In Saint Joseph‘s parish in Betatao, a small town around 80 miles (135 km) northeast of the capital Tananarive (the former Antananarivo), the number of Catholics is growing strongly however, and today already more than a third of the population are Catholics. Two years ago there was even an ordination. This year the parish is celebrating the golden jubilee of its founding. It serves an area of nearly 2000 square miles (5000 km²) and includes 40 separate communities. Up until 1981 the Jesuits used to run the parish, but today it is ministered to by three diocesan priests.
Father Daniel Richard Rafenomanana, the parish priest, and his two fellow priests certainly have their hands full. They have to regularly visit all the numerous outstations, administering the sacraments, proclaiming the faith and helping those in need – with the indispensable support of the sisters of the congregation of the Little Daughters of the Sacred Heart of Jesus. In addition to this the Catholic Church runs several schools in the area and is very active in youth work as well.

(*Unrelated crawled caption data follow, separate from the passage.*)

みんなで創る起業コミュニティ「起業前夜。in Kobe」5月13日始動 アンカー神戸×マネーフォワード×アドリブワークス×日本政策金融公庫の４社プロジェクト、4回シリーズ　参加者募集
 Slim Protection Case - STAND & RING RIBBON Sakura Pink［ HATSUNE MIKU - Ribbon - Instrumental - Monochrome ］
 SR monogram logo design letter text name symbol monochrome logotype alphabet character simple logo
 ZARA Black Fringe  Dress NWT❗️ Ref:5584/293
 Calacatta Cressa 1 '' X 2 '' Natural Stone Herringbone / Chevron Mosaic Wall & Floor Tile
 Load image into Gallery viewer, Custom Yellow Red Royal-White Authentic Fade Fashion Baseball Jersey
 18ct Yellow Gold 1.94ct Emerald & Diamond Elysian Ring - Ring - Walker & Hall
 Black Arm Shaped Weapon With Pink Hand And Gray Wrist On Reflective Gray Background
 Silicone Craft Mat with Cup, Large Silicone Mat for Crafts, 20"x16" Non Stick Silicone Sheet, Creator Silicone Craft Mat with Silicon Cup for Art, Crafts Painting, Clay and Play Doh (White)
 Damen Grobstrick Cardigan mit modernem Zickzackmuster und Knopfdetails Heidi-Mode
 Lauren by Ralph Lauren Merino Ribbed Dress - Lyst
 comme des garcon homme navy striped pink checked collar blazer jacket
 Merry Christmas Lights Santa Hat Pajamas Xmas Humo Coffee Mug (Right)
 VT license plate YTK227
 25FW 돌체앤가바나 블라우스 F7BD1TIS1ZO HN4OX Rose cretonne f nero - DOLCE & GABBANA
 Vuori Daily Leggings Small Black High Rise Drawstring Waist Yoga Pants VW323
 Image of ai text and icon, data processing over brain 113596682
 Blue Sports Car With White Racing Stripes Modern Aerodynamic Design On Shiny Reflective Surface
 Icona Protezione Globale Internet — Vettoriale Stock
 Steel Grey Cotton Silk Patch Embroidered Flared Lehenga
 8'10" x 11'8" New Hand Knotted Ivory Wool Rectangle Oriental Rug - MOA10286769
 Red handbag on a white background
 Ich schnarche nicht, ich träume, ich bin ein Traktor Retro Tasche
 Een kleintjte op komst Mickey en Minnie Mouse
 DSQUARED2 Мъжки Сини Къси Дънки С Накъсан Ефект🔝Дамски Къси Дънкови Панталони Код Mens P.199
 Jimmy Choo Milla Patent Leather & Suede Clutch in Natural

But there is one major problem. At present the priests are living in an old house, built in the traditional manner, which is being constantly battered and damaged by the strong winds and rain. It is also too small for the needs of the parish, which requires additional storerooms and a garage, and also guestrooms – for example for when the bishop visits the parish or when seminarians come to spend their stage of practical pastoral experience here. And ideally it would also be good to have a common sitting room, where the priests can gather together and strengthen one another in fraternal solidarity, or spend time conversing with their guests.
The Catholic faithful contribute what they can, but there is no way the parish can fund a new presbytery from its own resources. So ACN is proposing to help with a contribution of 12,300 Euros.